Subject: selector_to_xpath wth css selector using :contains
Date: Mon, 22 Aug 2016 14:19:45 +0000
To: "bug-HTML-Selector-XPath [...] rt.cpan.org" <bug-HTML-Selector-XPath [...] rt.cpan.org>
From: Michal Kos <kosmichal [...] gmail.com>
Hi, There seems to be a problem when converting css selectors to xpath if they use :contains pseudoclass. Consider following html: ##### <label ><span >Title</span> <span >*</span> </label> ##### now if I try following css selector (say in Chrome console) "label:contains('Title')" it returns <label>...</label> if I use selector_to_xpath("label:contains('Title')") it returns following xpath: "//label[text()[contains(string(.),'Title')]]" trying to use this xpath results in empty result [] however if I modify the xpath and remove text() so the xpath is "//label[contains(string(.),'Title')]" it will return same element as css selector would do.

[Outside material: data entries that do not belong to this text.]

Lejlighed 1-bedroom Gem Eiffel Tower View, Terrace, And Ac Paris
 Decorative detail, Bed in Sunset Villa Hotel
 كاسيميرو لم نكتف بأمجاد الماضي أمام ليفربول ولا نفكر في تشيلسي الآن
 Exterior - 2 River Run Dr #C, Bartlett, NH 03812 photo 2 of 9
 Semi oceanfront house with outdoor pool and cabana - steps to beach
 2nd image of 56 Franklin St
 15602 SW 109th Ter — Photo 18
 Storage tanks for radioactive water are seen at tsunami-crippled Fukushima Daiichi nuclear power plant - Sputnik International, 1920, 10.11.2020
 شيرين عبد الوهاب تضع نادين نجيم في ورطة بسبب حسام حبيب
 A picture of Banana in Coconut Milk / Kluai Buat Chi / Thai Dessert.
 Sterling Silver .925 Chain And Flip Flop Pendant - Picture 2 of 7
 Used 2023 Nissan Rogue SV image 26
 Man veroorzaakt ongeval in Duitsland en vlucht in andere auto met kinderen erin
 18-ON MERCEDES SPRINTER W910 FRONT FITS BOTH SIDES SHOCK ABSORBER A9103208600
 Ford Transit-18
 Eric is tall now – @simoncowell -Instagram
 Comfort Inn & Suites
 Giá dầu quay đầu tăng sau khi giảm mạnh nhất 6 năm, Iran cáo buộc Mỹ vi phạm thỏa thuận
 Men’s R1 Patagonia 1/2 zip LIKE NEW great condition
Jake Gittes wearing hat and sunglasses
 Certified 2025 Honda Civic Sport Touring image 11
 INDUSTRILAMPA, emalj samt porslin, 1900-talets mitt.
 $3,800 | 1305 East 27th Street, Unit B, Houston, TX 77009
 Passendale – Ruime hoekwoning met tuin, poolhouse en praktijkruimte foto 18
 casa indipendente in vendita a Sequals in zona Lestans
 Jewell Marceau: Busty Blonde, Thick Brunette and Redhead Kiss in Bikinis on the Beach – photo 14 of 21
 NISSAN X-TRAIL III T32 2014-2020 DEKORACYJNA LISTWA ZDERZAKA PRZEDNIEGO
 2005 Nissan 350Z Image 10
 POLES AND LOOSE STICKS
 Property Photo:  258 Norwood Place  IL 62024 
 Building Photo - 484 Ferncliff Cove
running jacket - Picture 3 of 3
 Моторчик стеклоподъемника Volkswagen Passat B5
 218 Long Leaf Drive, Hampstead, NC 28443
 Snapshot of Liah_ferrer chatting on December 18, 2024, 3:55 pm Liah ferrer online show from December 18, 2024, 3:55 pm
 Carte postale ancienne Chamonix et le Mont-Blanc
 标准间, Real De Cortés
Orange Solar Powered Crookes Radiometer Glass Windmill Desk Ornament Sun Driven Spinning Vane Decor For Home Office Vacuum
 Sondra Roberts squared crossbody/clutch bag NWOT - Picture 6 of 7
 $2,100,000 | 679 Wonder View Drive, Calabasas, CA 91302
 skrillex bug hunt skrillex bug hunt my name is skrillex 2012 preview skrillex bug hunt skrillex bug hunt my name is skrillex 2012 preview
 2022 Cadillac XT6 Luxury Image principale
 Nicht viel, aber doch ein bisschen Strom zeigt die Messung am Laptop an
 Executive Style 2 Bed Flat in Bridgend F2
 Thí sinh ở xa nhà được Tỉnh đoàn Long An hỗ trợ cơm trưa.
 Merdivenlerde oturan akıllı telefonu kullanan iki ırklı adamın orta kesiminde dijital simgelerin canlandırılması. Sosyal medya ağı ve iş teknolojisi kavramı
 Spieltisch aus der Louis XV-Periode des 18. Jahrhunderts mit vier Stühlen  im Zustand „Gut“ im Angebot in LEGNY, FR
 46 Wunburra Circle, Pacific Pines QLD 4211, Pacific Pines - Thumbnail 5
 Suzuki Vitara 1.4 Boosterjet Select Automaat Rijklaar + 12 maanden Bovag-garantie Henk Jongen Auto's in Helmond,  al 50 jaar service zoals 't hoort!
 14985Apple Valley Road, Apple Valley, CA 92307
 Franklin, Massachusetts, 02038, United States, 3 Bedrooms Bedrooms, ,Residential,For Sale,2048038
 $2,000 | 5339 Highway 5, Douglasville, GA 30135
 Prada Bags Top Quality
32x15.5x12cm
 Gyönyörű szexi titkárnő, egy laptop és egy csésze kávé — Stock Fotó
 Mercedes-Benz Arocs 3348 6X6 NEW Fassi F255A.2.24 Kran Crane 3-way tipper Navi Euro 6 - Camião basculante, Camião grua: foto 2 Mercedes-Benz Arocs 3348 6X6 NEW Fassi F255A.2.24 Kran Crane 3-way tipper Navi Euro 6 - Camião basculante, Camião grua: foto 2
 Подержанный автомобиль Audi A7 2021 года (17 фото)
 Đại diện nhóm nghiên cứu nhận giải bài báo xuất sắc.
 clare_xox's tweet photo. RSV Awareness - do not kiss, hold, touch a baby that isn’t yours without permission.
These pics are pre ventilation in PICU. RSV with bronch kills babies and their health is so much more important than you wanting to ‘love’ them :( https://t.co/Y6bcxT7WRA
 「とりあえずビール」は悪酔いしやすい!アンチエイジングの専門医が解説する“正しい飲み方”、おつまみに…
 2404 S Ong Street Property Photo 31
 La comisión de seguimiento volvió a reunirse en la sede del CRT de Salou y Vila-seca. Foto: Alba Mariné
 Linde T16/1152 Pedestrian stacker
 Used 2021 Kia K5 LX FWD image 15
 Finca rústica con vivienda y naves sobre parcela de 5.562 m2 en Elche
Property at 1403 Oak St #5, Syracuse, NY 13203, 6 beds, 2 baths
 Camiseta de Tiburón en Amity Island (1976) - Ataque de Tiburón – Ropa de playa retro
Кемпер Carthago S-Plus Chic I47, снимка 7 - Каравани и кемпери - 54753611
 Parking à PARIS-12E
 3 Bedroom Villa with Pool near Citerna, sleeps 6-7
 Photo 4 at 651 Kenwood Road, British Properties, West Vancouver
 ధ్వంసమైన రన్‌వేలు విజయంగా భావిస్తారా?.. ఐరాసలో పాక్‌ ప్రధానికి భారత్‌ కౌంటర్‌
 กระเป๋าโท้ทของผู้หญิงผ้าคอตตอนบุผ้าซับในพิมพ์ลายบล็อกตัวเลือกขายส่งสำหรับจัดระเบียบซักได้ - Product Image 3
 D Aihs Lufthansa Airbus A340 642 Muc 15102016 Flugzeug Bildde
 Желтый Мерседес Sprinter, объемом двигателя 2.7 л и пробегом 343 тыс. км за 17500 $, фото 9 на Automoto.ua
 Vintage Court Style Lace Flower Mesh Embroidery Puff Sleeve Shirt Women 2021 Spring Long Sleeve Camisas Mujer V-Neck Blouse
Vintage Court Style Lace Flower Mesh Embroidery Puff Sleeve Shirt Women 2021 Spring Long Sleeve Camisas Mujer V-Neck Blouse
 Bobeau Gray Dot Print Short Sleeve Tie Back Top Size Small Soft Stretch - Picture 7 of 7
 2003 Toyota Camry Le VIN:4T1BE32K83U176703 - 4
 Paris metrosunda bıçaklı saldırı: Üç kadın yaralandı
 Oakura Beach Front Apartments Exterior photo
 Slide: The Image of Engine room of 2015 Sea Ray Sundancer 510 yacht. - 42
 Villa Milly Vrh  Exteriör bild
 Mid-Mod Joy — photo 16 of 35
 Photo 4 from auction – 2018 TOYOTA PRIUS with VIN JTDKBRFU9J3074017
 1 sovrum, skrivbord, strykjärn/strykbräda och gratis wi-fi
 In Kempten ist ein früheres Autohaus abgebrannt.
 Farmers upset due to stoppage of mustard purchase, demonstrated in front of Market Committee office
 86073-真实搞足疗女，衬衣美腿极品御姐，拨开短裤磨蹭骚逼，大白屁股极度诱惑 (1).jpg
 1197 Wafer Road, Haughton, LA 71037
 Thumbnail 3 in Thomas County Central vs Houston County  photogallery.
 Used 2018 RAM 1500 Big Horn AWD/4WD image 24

The fix would be to edit HTML/Selector/XPath.pm lines 221 and 223 and change: push @parts, qq{[text()[contains(string(.),"$1")]]}; to push @parts, qq{[contains(string(.),"$1")]}; Could you please apply it? * Distrubution name: HTML-Selector-XPath 0.20 * Perl version: $ perl -v This is perl 5, version 20, subversion 2 (v5.20.2) built for x86_64-linux-gnu-thread-multi (with 81 registered patches, see perl -V for more detail) * OS: $ uname -a Linux deb-vm 3.16.0-4-amd64 #1 SMP Debian 3.16.7-ckt25-2 (2016-04-08) x86_64 GNU/Linux ### test case ### use strict; use warnings; use HTML::Selector::XPath 'selector_to_xpath'; use Test::More tests => 1; my $css="label:contains('Title')"; my $xpath = selector_to_xpath($css); #//label[text()[contains(string(.),"Title")]] my $expected="//label[contains(string(.),'Title')]"; is($xpath,$expected,"selector_to_xpath(label:contains('Title'))"); ### test case ### ### html example ### <!DOCTYPE html> <html> <head> <title> test </title> <script src="/resources/jquery-3.1.0.min.js"></script> </head> <body> <label ><span >Title</span> <span >*</span> </label> </body> </html> ### html example ### Thank you.
Subject: Re: [rt.cpan.org #117127] selector_to_xpath wth css selector using :contains
Date: Tue, 30 Aug 2016 21:16:02 +0200
To: bug-HTML-Selector-XPath [...] rt.cpan.org
From: Max Maischein <corion [...] corion.net>
Hello Michal, thank you very much for analyzing the issue and sending a patch. Show quoted text
> There seems to be a problem when converting css selectors to xpath if they > use :contains pseudoclass.
I think part of the problem is that the :contains() selector was never really specified and is now deprecated. As implemented in HTML::Selector::XPath and its test suite, :contains only applies to the immediate node, not its child nodes. Show quoted text
> Consider following html: > > ##### > <label ><span >Title</span> > <span >*</span> </label> > ##### > > now if I try following css selector (say in Chrome console) > "label:contains('Title')" it returns <label>...</label>
Neither Firefox nor Chrome implement the :contains() selector natively . The jQuery documentation supports your usage case of selecting all nodes which themselves or whose children contain a given text [1], but it also claims that the text may even span nodes, which your approach does not support... Show quoted text
> Could you please apply it?
I have to think about a backwards compatible way that allows the also very useful old way of only selecting nodes whose immediate text contains the search text, so users have a simple way to adapt their queries to the changed semantics. Also, I have to see if/how jQuery supports text spanning across nodes and how it still matches that. My test case is the following HTML: <a href="Other"><p>Yes No No</p></a> <a href="No">Yes</a><a href="Yes">No</a> <a href="No"><p>Yes</p></a><a href="Yes">No</a> with this selector: a:contains("YesNo") And I expect the two following tags to match: <a href="No">Yes</a><a href="Yes">No</a> <a href="No"><p>Yes</p></a><a href="Yes">No</a> Basically this addition to t/02_html.t === --- input <a href="Other"><p>Yes No No</p></a> <a href="No">Yes</a><a href="Yes">No</a> <a href="No"><p>Yes</p></a><a href="Yes">No</a> --- selector a:contains("YesNo") --- expected <a href="No">Yes</a><a href="Yes">No</a> <a href="No"><p>Yes</p></a><a href="Yes">No</a> And currently, that fails and I'm not really sure how to fix it. -max [1] https://api.jquery.com/contains-selector/